Garrard & Co.: The Crown Jeweller

From Panton Street to Albemarle Street — three centuries at the apex of British jewellery

Famous jewellers & jewellery housesView in dictionary · 1,580 words

Garrard & Co. is one of the oldest and most historically significant jewellery houses in the world, distinguished above all by its long tenure as the official Crown Jeweller to the British monarchy. Founded in the early eighteenth century and operating under various names before consolidating its identity under the Garrard family, the firm spent the better part of two centuries on Albemarle Street in London's Mayfair — an address so closely associated with the house that "Garrard of Albemarle Street" became a byword for the highest tier of British jewellery craftsmanship. Its responsibilities ranged from the maintenance and occasional remodelling of the Crown Jewels to the creation of bespoke commissions for sovereigns, heads of state, and the aristocracy of several continents.

Origins and Early History

The lineage of Garrard is conventionally traced to George Wickes, a silversmith who established his workshop in Panton Street, London, around 1722. Wickes built a reputation for fine silver and goldsmithing, attracting aristocratic patronage that would define the firm's character for generations. Upon Wickes's retirement in the 1760s, the business passed through a succession of partnerships — Wakelin & Garrard being the most consequential — before Robert Garrard I assumed control in 1802. It was under the Garrard family that the firm's identity crystallised, and the name Garrard became permanently attached to the house.

Robert Garrard I's sons — Robert II, James, and Sebastian — inherited and expanded the business in the 1820s. Robert Garrard II proved the most commercially and artistically ambitious of the three, steering the firm toward the grandest commissions of the Victorian era. In 1843, Garrard was appointed Crown Jeweller by Queen Victoria, succeeding Rundell, Bridge & Rundell in that role. This appointment, which would be renewed by successive sovereigns, gave the firm custodianship of the Crown Jewels held in the Tower of London: cleaning, maintaining, and when required, modifying pieces of national and historical significance.

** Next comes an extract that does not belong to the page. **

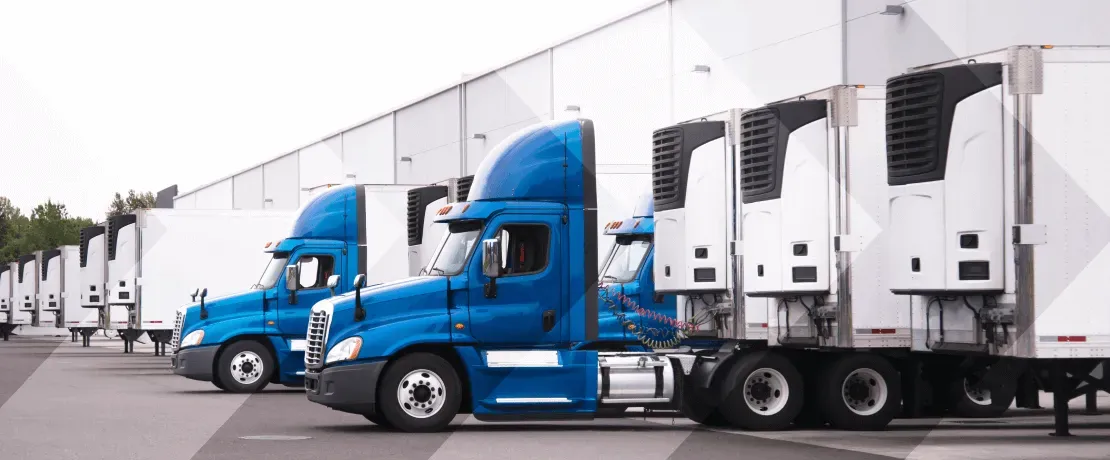 A row of semi trucks parked in front of a warehouse.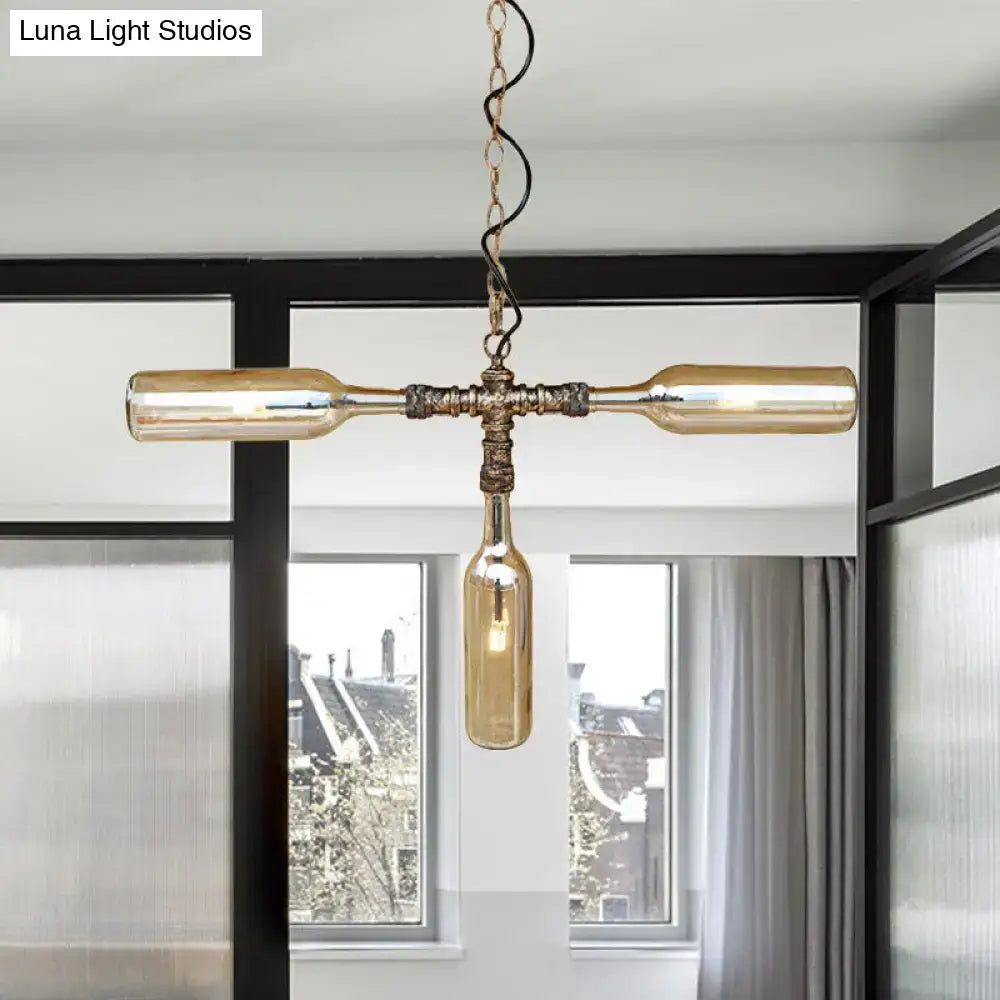 Antique brass-finished chandelier with three amber glass wine bottles in a cross pattern in aged silver black finish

The Crown Jeweller Appointment

The role of Crown Jeweller is distinct from that of a mere royal warrant holder. Where a warrant signifies that a tradesperson supplies goods or services to the royal household, the Crown Jeweller is specifically charged with the care of the regalia — the orbs, sceptres, crowns, and associated ceremonial objects used at coronations and state occasions. Garrard held this appointment continuously from 1843 until 2007, a tenure of over 160 years. During this period the firm was responsible for significant work on objects of extraordinary historical weight, including the Imperial State Crown and the Sovereign's Sceptre with Cross, which incorporates the Cullinan I diamond (also known as the First Star of Africa), the largest colourless cut diamond in the world at 530.20 carats.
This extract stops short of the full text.